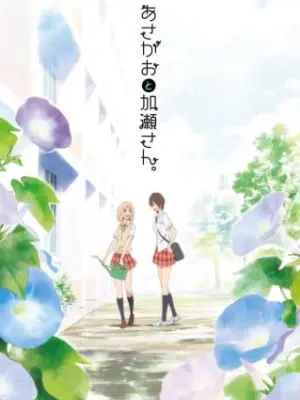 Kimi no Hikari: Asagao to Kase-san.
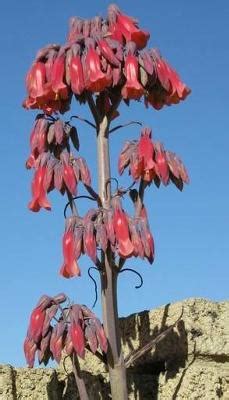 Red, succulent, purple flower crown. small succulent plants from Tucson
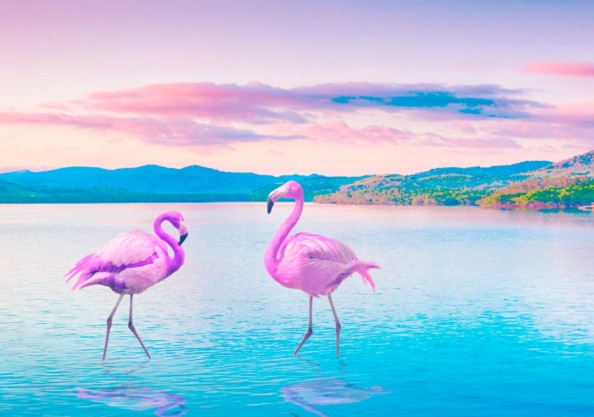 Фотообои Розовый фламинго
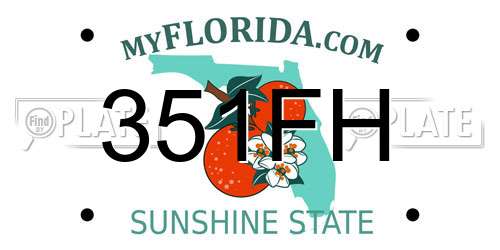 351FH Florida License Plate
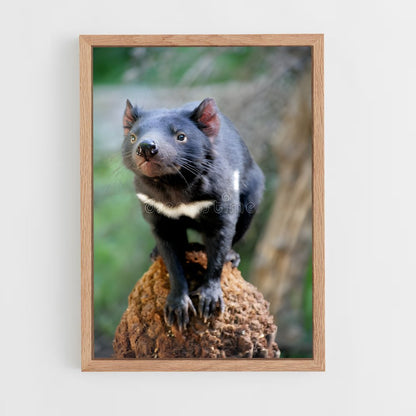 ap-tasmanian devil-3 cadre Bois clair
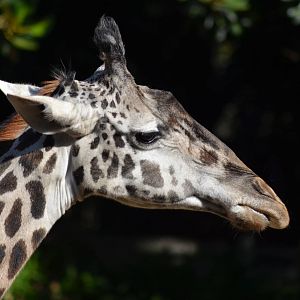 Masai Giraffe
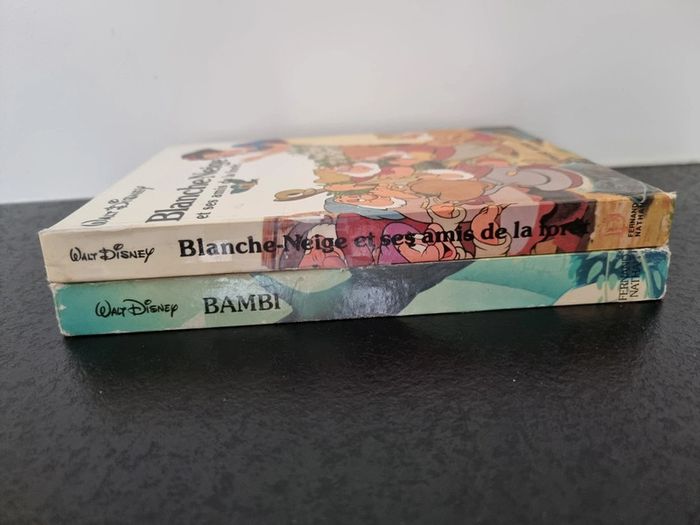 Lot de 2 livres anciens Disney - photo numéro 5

------------------------------------------------------------------------

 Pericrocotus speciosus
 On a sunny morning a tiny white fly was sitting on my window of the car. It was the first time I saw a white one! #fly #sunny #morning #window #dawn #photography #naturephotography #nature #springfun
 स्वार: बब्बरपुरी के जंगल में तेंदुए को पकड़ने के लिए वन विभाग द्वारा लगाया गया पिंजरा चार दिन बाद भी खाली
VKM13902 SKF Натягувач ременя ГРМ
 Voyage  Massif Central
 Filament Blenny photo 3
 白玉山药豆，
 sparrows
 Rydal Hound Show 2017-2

------------------------------------------------------------------------

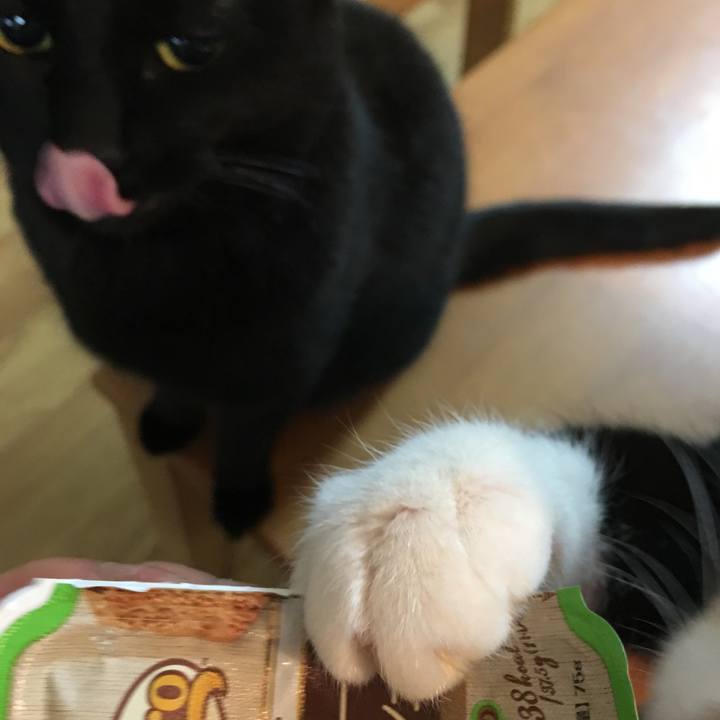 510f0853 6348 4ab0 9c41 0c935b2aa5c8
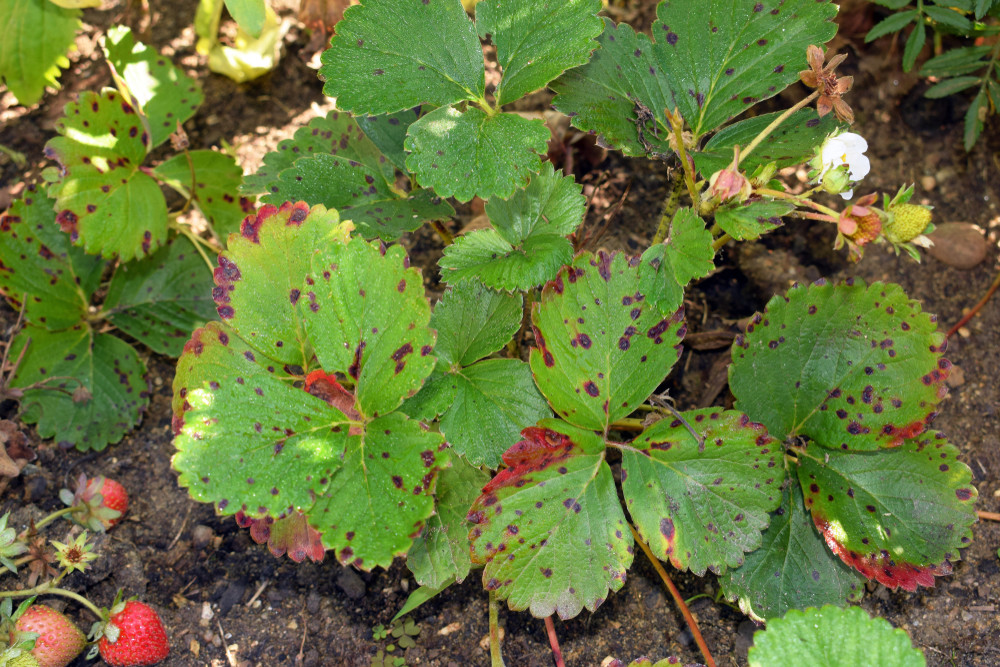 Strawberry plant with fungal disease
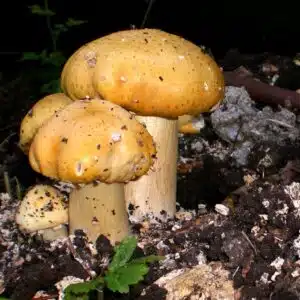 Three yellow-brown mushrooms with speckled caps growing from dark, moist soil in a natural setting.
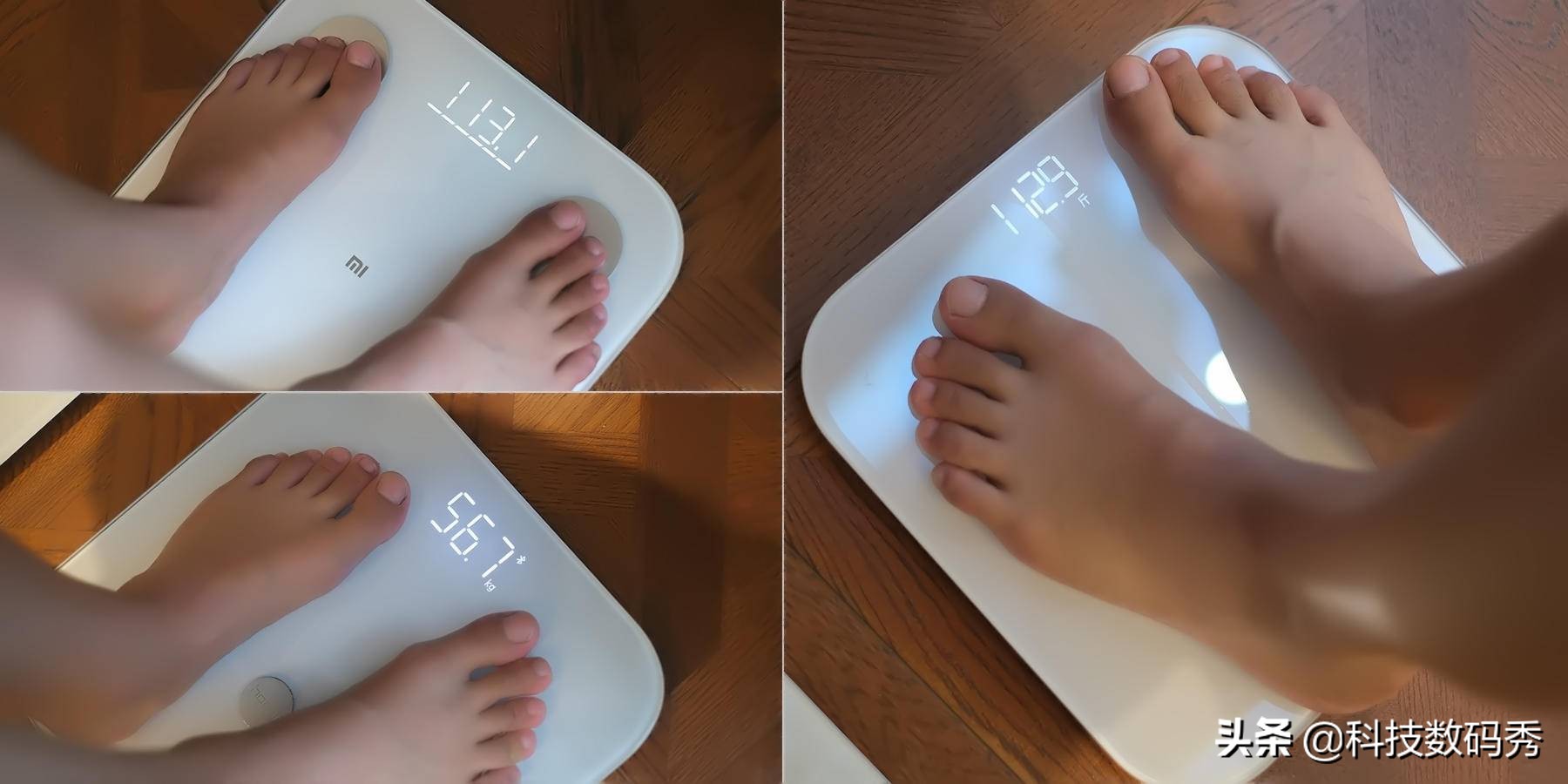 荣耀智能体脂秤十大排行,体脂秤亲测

------------------------------------------------------------------------

Respond with the exact lines above running from the one containing "Kimi no Hikari: Asagao to Kase-san." to the one containing "Lot de 2 livres", both ends kept and no pictures included.

 Kimi no Hikari: Asagao to Kase-san.
 Red, succulent, purple flower crown. small succulent plants from Tucson
 Фотообои Розовый фламинго
 351FH Florida License Plate
 ap-tasmanian devil-3 cadre Bois clair
 Masai Giraffe
 Lot de 2 livres anciens Disney - photo numéro 5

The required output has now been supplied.